IBM’s breakthrough is not just a chip. Nope. It seems to be:

a component of a complete end-to-end vertically integrated ecosystem spanning a chip simulator, neuroscience data, supercomputing, neuron specification, programming paradigm, algorithms and applications, and prototype design models. The ecosystem supports all aspects of the programming cycle from design through development, debugging, and deployment.

To speed along understanding of what IBM has figured out:

IBM has designed a novel teaching curriculum for universities, customers, partners, and IBM employees.

I assume this part of IBM’s master plan for generating more revenue and profit.

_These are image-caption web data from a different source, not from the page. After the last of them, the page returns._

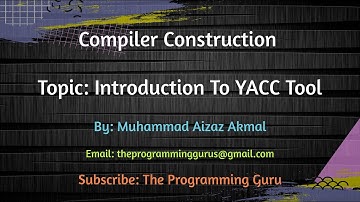 Introduction to YACC Tool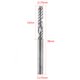 thumbnail image 2 of Fresas de una Sola Flauta Higoodz 10pcs Set CNC de Carburo de Tungsteno 3.175mm, 2 of 7
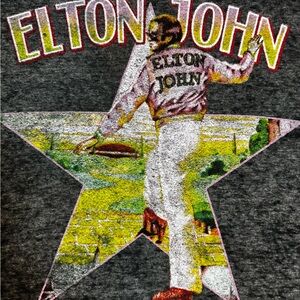 Elton John Farewell Yellow Brick Road 2022 Tour Vintage  Med Shirt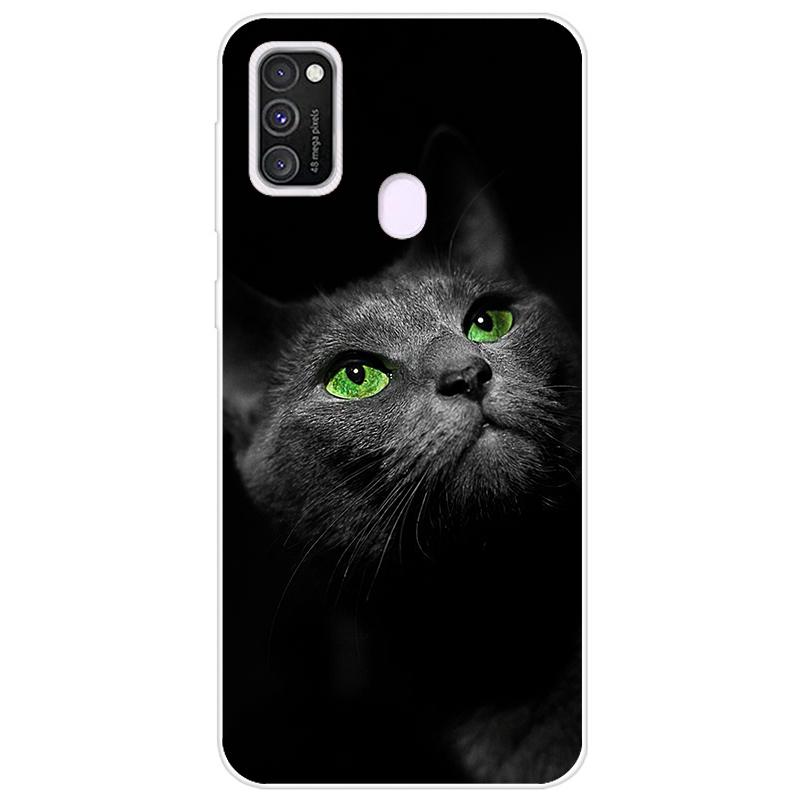 

Для Samsung M21 чехол 6.4 мягкий силиконовый чехол TPU для Samsung Galaxy M21 M 21 SM-M215FZGUSER m215 телефон задняя крышка бампер Funda Samsung M21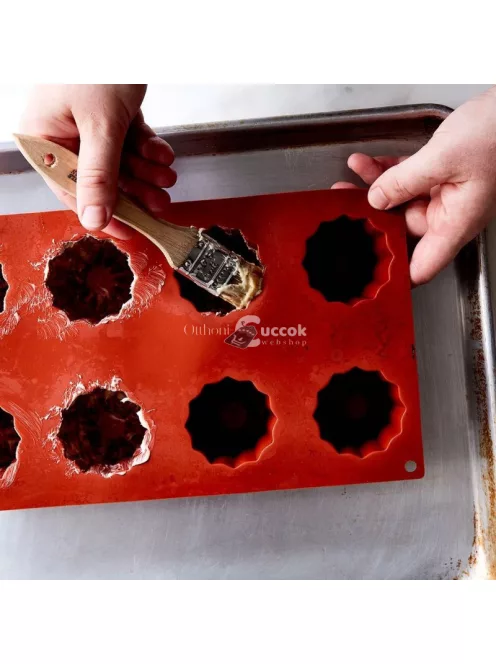 Canelé sütőforma szilikonból - süteménykészítéshez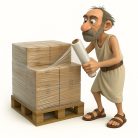 Csomagoló sztreccs fólia 166mm széles, 0,6 kg-os 23my, natúr, 150 mtr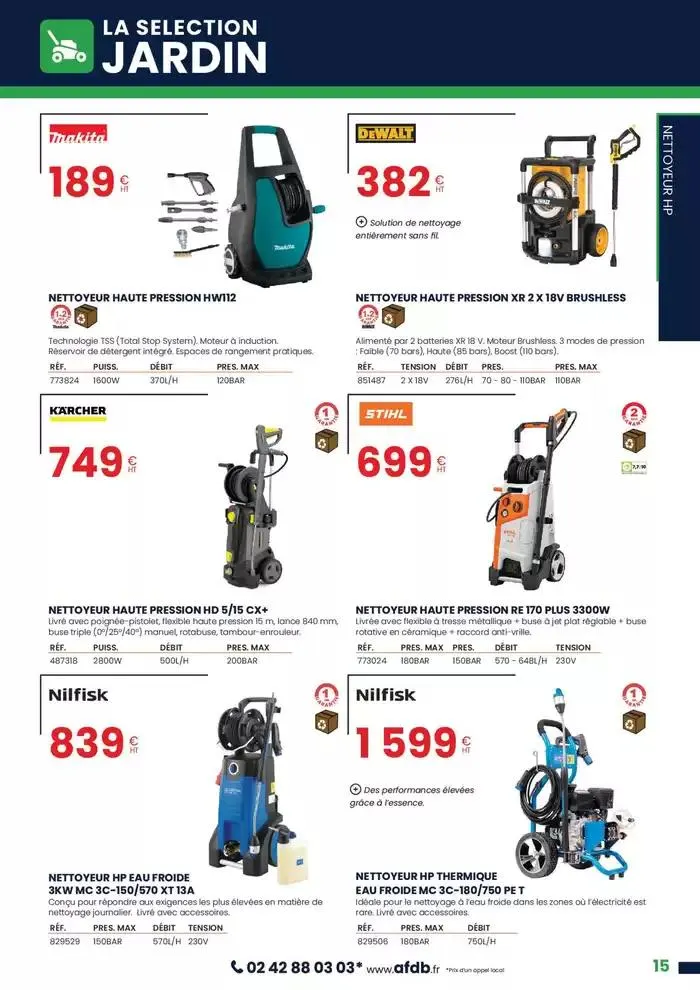 Sélection Jardin Printemps - Été du 28 mars au 26 mai 2025 - Catalogue page 15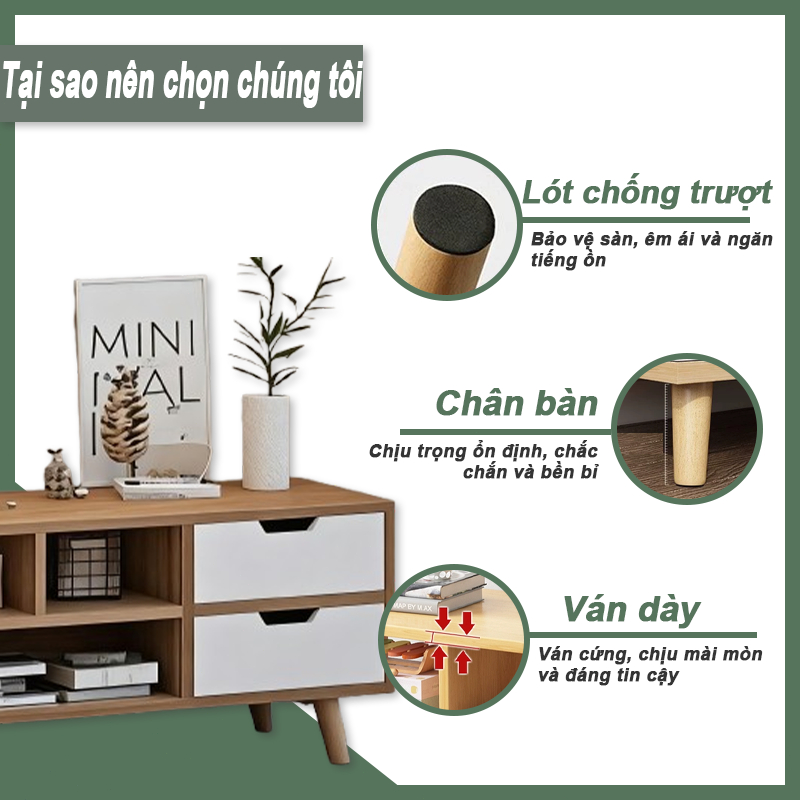 BMZAR Tủ Tivi Bàn Kệ Tivi 63/55/47 Inch Hiện Đại Đa Năng Có Tủ Cánh Kệ Tivi Tầng Chống Ẩm | BigBuy360 - bigbuy360.vn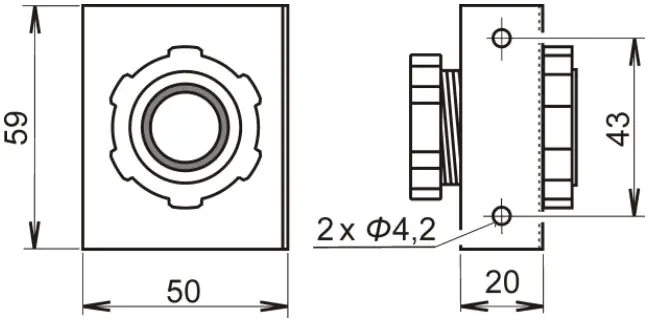 COMET T3113 Temperature and Humidity Duct Probe - FIG 18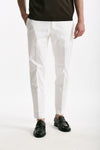 Pantalone EDGE-REBEL in cotone stretch bianco uomo Pt torino - 1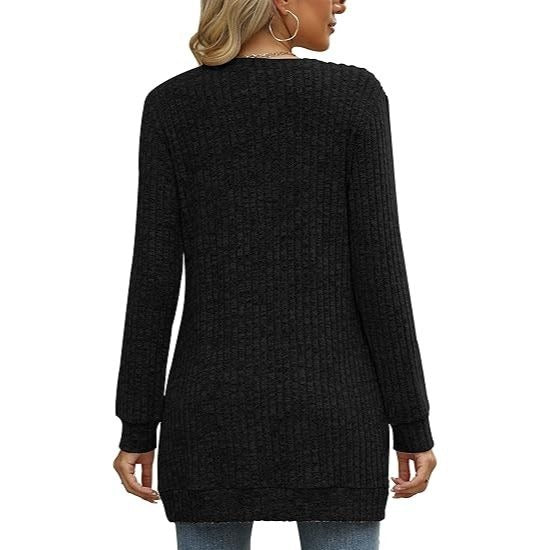Casual Loose Crew Neck Long-Sleeve Sweatshirts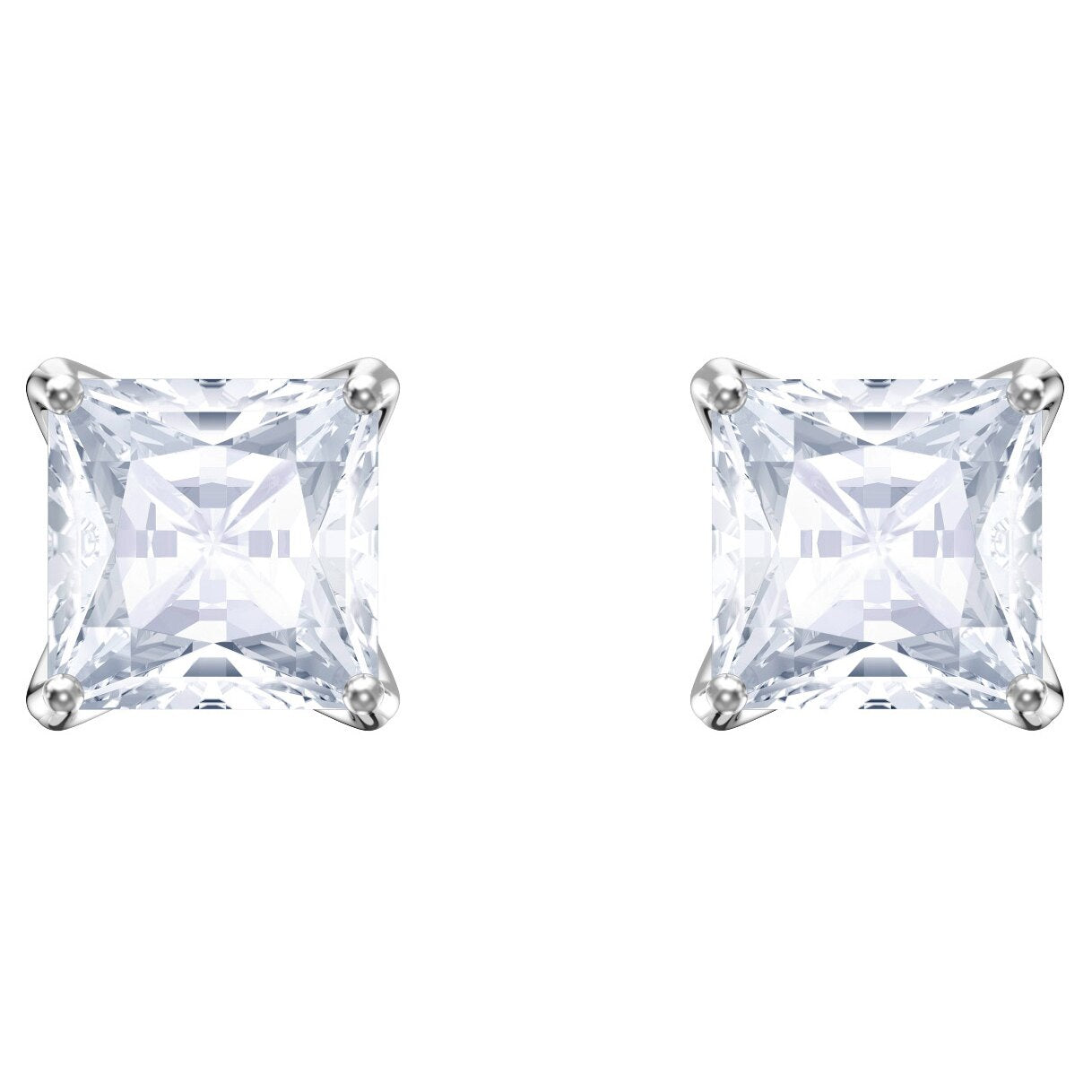 Swarovski Attract Stud Pierced Earrings White Rhodium plating 5430365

Several thoughts crossed my mind as I worked through some of the “real” news outfits’ reports about the SyNapse:

  1. How long will it be before IBM’s customers, partners, and employees create a product that generates revenue?
  2. Will the SyNapse eliminate the lengthy training and configuration processes for IBM Watson?
  3. Will Samsung and other customers, partners, and RIFfed IBM employees stand on the shoulders of the giants in IBM’s research centers and make money before IBM can gets its aircraft carrier fleet turned in a new direction?

I don’t want to rain on the very noisy parade, but I think neurosynaptic technology will require considerable time, money, effort, and coding. But if it boosts IBM’s stock price and creates sales opportunities, SyNapse will have played its part in making the revenue line and the net profit line perform a Cobra and blast upward like an SU 35.

While I wait for Watson, I will use Bing, Google, and Yandex for search. Limited and old fashioned technology that sort of works. Watson running on SyNapse, an interesting lab project that has produced some massive content marketing zing.